After that you can compress the map data (zep wrote tools for that), put the compressed data of the quadruple map inside the map space, and decompress the quadruple map in the 32K of high memory of pico-8. Poke a few magic addresses to specify that the map is in high memory, and that the width is 256 columns (that's the maximum map() supports) and the rest of your code could stay mostly untouched.
There are also other ways to save map space :
A lot of map surface is used all around the map borders. By implementing map wraparound, you can save a lot of that space, and also make the world feel much bigger because the max horizontal and vertical distance you can walk is larger than the width and height than the actual map rectangle.

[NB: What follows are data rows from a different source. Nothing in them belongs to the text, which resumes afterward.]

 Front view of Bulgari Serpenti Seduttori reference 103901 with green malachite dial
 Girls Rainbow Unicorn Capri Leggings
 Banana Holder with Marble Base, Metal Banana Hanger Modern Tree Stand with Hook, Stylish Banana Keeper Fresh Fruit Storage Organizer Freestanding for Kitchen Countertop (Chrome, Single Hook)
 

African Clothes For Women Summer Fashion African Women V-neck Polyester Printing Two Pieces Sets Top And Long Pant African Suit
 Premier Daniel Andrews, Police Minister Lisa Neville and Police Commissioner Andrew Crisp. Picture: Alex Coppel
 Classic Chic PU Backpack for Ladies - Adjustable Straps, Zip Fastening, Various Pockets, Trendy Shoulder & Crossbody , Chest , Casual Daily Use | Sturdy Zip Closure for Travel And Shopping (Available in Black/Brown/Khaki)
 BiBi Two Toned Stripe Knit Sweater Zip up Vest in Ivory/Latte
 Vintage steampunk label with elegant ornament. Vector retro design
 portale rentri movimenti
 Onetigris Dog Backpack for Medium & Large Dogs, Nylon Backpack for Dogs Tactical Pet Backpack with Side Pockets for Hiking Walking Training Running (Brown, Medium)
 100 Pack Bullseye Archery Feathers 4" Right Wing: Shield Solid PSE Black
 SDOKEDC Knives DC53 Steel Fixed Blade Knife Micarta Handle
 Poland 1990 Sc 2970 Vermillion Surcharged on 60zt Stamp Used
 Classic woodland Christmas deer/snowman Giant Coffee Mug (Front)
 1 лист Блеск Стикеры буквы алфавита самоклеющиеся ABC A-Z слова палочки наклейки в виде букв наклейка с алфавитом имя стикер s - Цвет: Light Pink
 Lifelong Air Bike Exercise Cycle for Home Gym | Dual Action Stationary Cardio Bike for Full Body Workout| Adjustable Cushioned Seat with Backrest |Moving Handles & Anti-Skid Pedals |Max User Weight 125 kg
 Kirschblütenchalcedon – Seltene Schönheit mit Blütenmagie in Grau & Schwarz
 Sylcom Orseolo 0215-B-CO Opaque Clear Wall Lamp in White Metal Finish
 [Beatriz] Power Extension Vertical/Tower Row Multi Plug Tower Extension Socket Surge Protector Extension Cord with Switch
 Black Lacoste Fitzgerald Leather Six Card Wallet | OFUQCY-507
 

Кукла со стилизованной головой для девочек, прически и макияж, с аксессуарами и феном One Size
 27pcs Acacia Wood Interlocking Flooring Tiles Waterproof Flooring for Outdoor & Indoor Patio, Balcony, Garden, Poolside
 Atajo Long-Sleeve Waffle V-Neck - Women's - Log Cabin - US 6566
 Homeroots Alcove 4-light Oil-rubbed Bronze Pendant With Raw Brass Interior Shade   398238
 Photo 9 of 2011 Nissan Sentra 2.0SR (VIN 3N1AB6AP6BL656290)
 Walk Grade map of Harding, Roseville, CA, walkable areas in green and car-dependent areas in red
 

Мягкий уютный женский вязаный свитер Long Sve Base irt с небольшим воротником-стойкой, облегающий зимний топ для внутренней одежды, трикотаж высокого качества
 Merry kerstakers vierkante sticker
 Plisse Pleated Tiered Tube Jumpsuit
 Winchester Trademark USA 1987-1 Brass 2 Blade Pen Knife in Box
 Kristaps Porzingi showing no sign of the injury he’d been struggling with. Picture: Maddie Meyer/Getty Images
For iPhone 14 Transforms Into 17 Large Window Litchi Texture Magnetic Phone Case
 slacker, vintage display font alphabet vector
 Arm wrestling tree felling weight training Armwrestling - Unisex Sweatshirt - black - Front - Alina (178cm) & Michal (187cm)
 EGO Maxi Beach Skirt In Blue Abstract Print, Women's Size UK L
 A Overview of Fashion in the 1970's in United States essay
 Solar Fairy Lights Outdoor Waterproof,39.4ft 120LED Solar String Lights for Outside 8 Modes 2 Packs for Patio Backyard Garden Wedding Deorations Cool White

I've also seen another approach, where the map is drawn instead of stored :
in resurface
https://www.lexaloffle.com/bbs/?pid=155121
For a wooping 8 times 8 fullscreen map.
You can pause the game in the few first frames where the map is drawn to visualize the whole map. Pretty wild hack.
Another way to increase the map's perceived size is to reduce the player's size. That's the approach taken in Lil red
https://www.lexaloffle.com/bbs/?pid=127819
and CRATER
https://www.lexaloffle.com/bbs/?pid=46528
You can use intricate map design and limit the abilities that can be used at the same time for great puzzle metroidvania. The zelda-like "quest for the book of truth" does a great job with this approach. Despite the map being 4 times 4 screens and two floors, the items combinations system makes it a great puzzlevania.
The top down approach also helps pack more content in a small surface.
https://www.lexaloffle.com/bbs/?tid=32727
I think a "great toads quest 2" with quadruple map side could be made into a non cramped metroidvania, but there's a lot of other ways. You could also change game genre altogether for your next game...



Thank you for your thoughtful feedback. The elements from the games you shared also inspired me.